Seven of Panama-flagged Fremantle Highway’s 25-strong crew jumped from the ship into the water, resulting in injuries and broken bones – and a drop of some 30 metres entails hitting seawater at 130 kph – more than enough to be lethal.

“One by one, they jumped and we had to fish them out of the water,” said Willard Molenaar, a lifeboat captain who arrived on the scene. “They were really desperate, so they had to jump – you don’t just do that for the sake of it.”

Operated by K-Line, but owned by an Imabari Shipbuilding subsidiary, the Fremantle Highway tragedy adds to the already patchy safety record of car carriers, whose designs had suffered from a number of major shortcomings even before the epidemic of fires on board relating to electric cars. These include the free-surface effect, and high wind resistance.

“One issue that has to be of concern is the crew,” Peregrine Storrs-Fox, TT Club risk management director, told The Loadstar.

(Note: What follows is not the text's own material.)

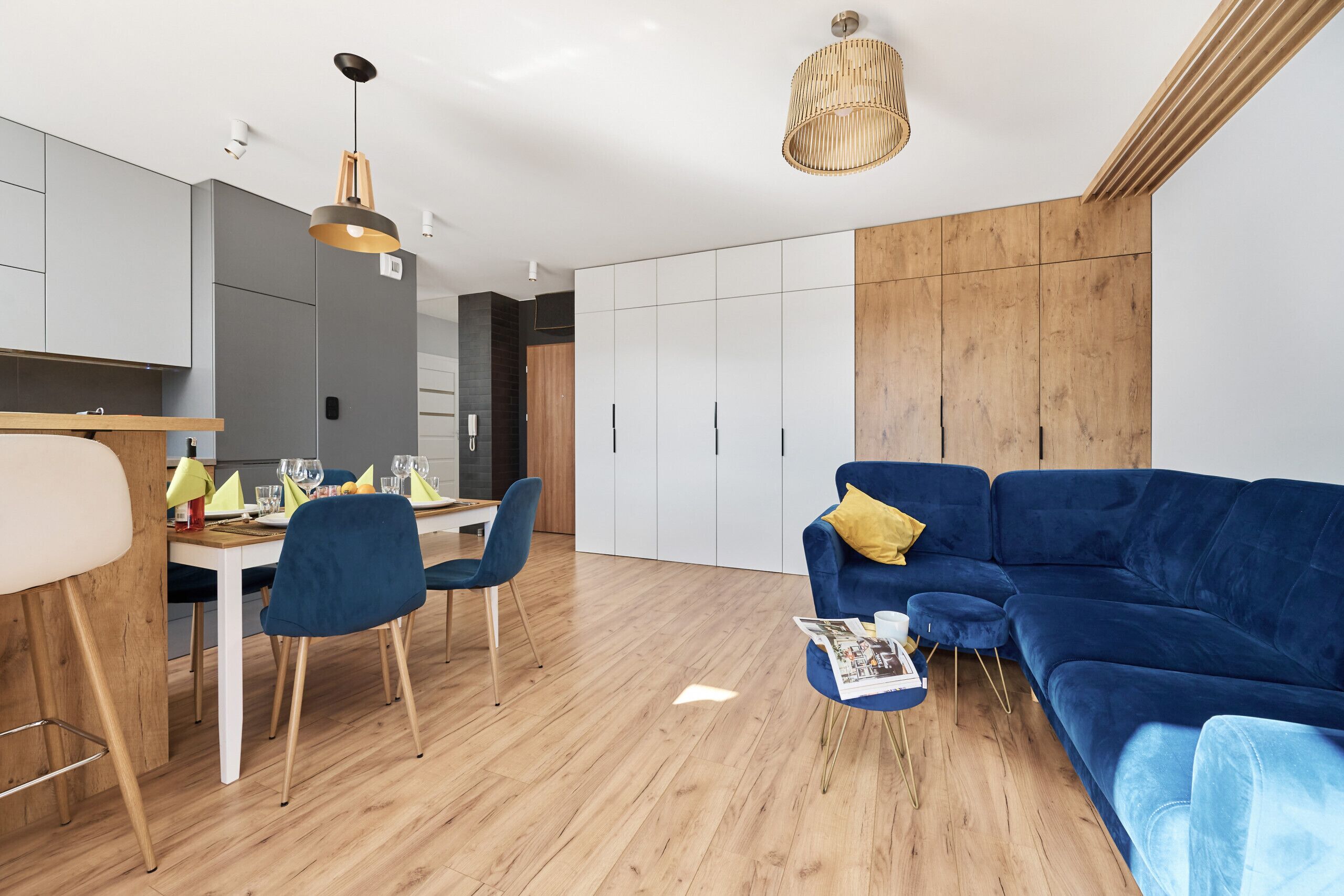 Apartment, 1 Bedroom, Balcony | Living room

“You had 25 people on board, most of whom managed to get off, one tragically died. But some of them had to jump off – that can’t be right. They shouldn’t be jumping off the ship, there should be a lifeboat.”

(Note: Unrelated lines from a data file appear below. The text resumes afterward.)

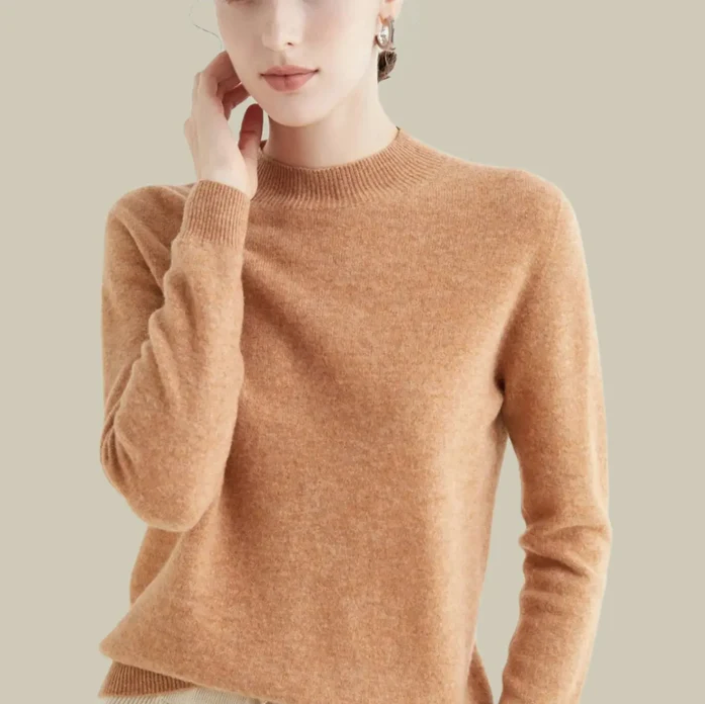 Women's mock-neck merino wool knit sweater in camel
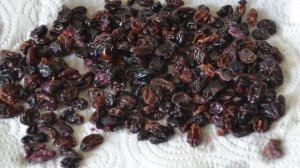 Бисквит с изюмом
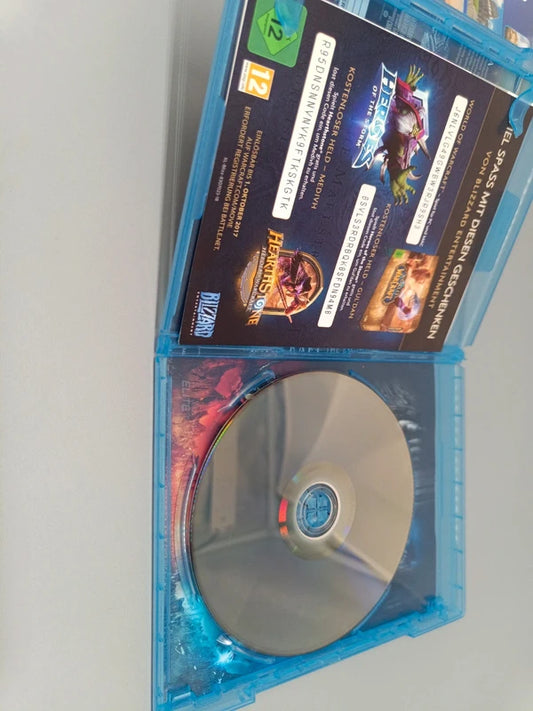 Geöffnete Warcraft The Beginning Blu-ray-Hülle mit Einleger und eingelegtem Datenträger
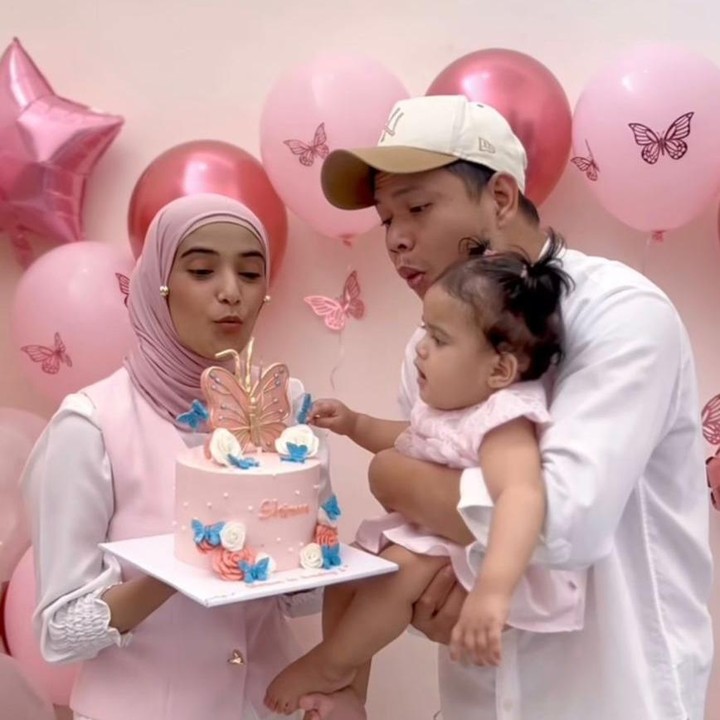 <p>Tak ketinggalan, Nadya juga menyampaikan doa dan harapan untuk putri semata wayangnya. "Do'ain ya semoga Shireen jadi anak yg <em>shalihah</em>, dikelilingi orang-orang baik, bahagia dunia dan akhirat," ungkap Nadya Mustika. (Foto: Instagram @nadyamustikarahayu)</p>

In fact images of Fremantle Highway from before the fire show twin lifeboats positioned aft of the bridge. Unfortunately, analysis of video footage appears to show the initial explosion and subsequent blaze in a cargo area precisely underneath them, before spreading along the length of the ship. Aerial video footage from the Dutch coastguard shows both lifeboats still on board the burning vessel, apparently unused.

“There will be investigations” to determine why the lifeboats were unusable, Mr Storrs-Fox said.

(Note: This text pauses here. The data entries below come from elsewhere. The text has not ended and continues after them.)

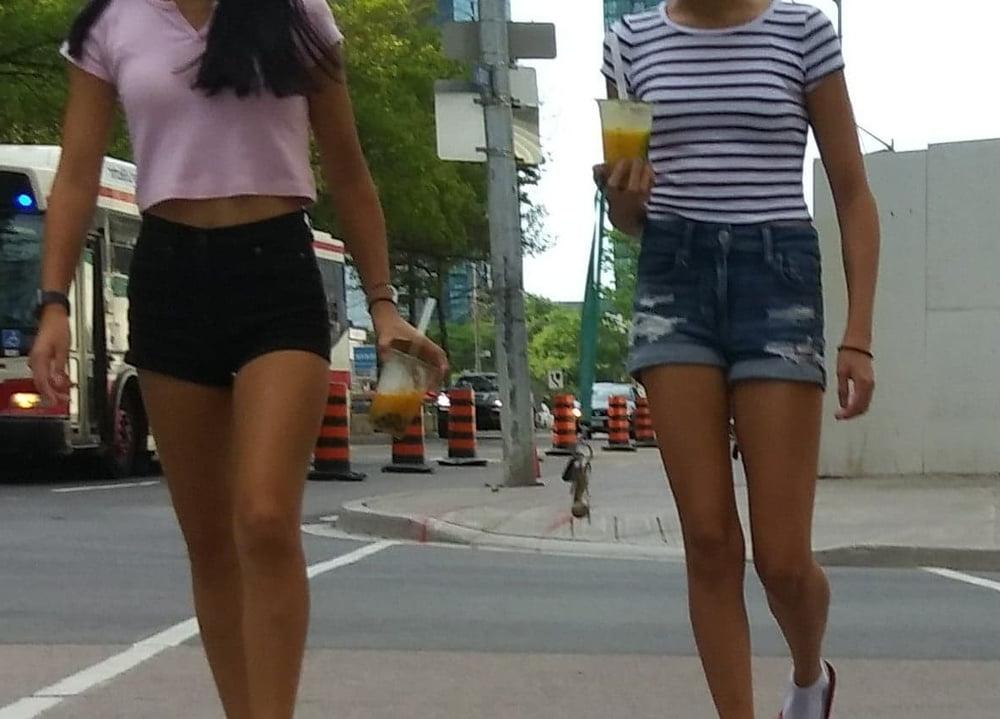 25P Candid legs and feet....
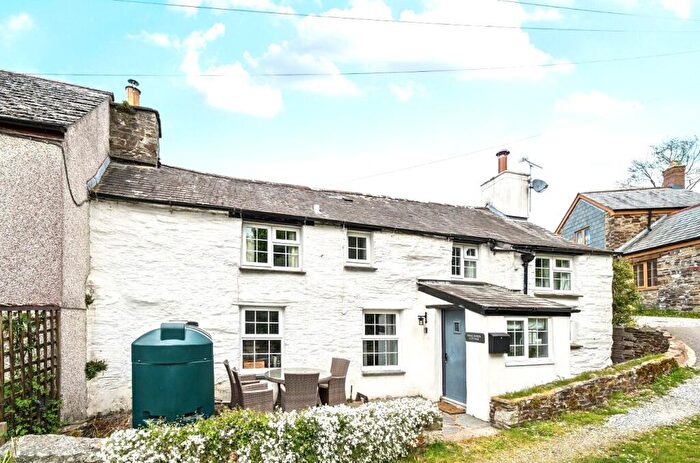 3 Bedroom End Of Terrace House For Sale In Trevelmond, Liskeard, Cornwall, PL14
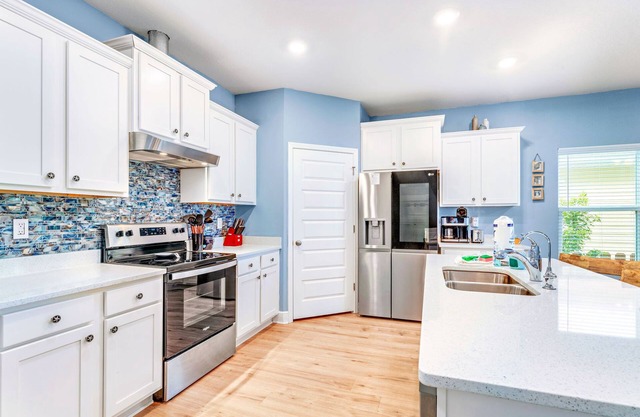 Close to Pool, Beach 1 Block, Dogs & EV Charger!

This month, another incident, on Grimaldi ro-ro vessel Grande Costa d’Avorio, while alongside, claimed the lives of two New York firefighters – though the authorities have written off EV batteries as a potential cause. The mayor of Newark told the New York Times he wanted to create a unit that would be specially trained to respond to emergencies in the city’s port.

In the case of the Felicity Ace, lost in February 2022, it is not thought possible to determine if the presence of electric cars was the cause, but authorities are agreed it was almost certainly an exacerbating factor. In 2019, three car carriers were lost, two, Diamond Highway and Grande America, relating to catastrophic fires.

“At this stage we have to recognise that there is a bad run of [fires], if not a concerning trend,” Mr Storrs-Fox said.

Following the loss of Felicity Ace, safety measures taken throughout the car carrier sector include, in some cases, refusing to load used or damaged electric cars altogether. Among the shipowners to do this is K-Line compatriot, MOL.

“Firstly, these crew are not firefighters – they have firefighting training, but they also have 101 other jobs,” said Mr Storrs-Fox.

“To be honest, everyone is in catch-up mode. The car industry seems to focusing on everything but safety – how we get more charge into these things [batteries], how can we charge [them] faster. I have seen vanishingly little attention paid to safety… there is no one saying ‘how do we engage with first responder’, ‘how are we engaging with those who will move and store these vehicles on behalf of manufacturers?’.

“Improving safety will be a matter of getting people to break out of their silos and talk to one another.”